Generalization Errors
The end goal of ML is to make the trained model perform well on new cases (in production). Thus we need to find ways to reduce the generalization error: Bias, Variance and Irreducible error.
Types of the Errors
(For the detail, please refer to Bias-Variance Tradeoff and Ridge Regression)

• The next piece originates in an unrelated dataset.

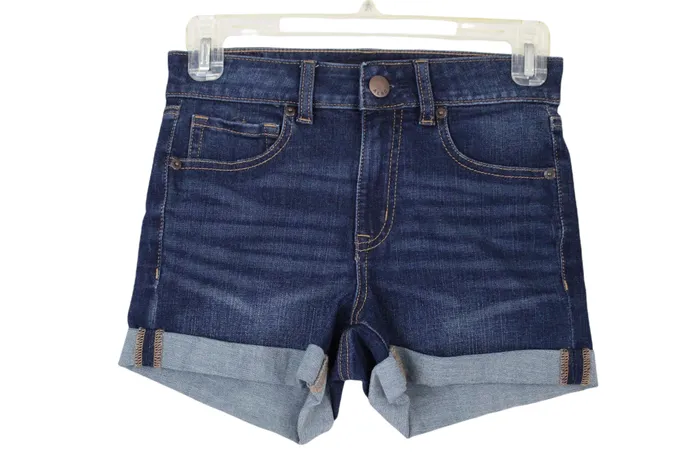 Aeropostale High Rise Midi Denim Shorts 0 Aeropostale Earrings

In a generic regression problem, the goal is to model the unknown relationship \(y=f({\bf x})\) between the dependent variable \(y\) and the \(d\) independent variables \({\bf x}=[x_1,\cdots,x_d]^T\), by a regression function \(\hat{f}({\bf x})\), based on a set of given training data \({\cal D}=\{({\bf x}_n,\,y_n)\;n=1,\cdots,N\}\) containing a set of observed data samples inevitably contaminated by some random noise \(e\).
Now corresponding to a noisy \({\bf x}\), the observed value \(y=f({\bf x})+e\) is also random and so is the regresson model \(\hat{f}({\bf x})\). We assume the random noise \(e\) has zero mean and is independent of \(\hat{f}\).
Measure how well the model \(\hat{f}({\bf x})\) fits the noisy data \(y=f({\bf x})+e\) by the mean squared error (MSE):
\[\begin{align*} E [ (y-\hat{f})^2 ] & = E[(f+e-\hat{f})^2 ] \\ & = \cdots \\ & = E[(f-E\hat{f})^2]+E[(E\hat{f}-\hat{f})^2]+E[e^2] \end{align*}\]The three terms represent three different types of error:
- Irreducible Error \(E[e^2]=\sigma^2\), due to the inevitable observation error.
- Bias Error: \(E[(f-E\hat{f})^2]=(f-E\hat{f})^2\), the expected squared bias, the difference between the estimated function and the true function, measuring how well the estimated function \(\hat{f}\) models the true function \(f\)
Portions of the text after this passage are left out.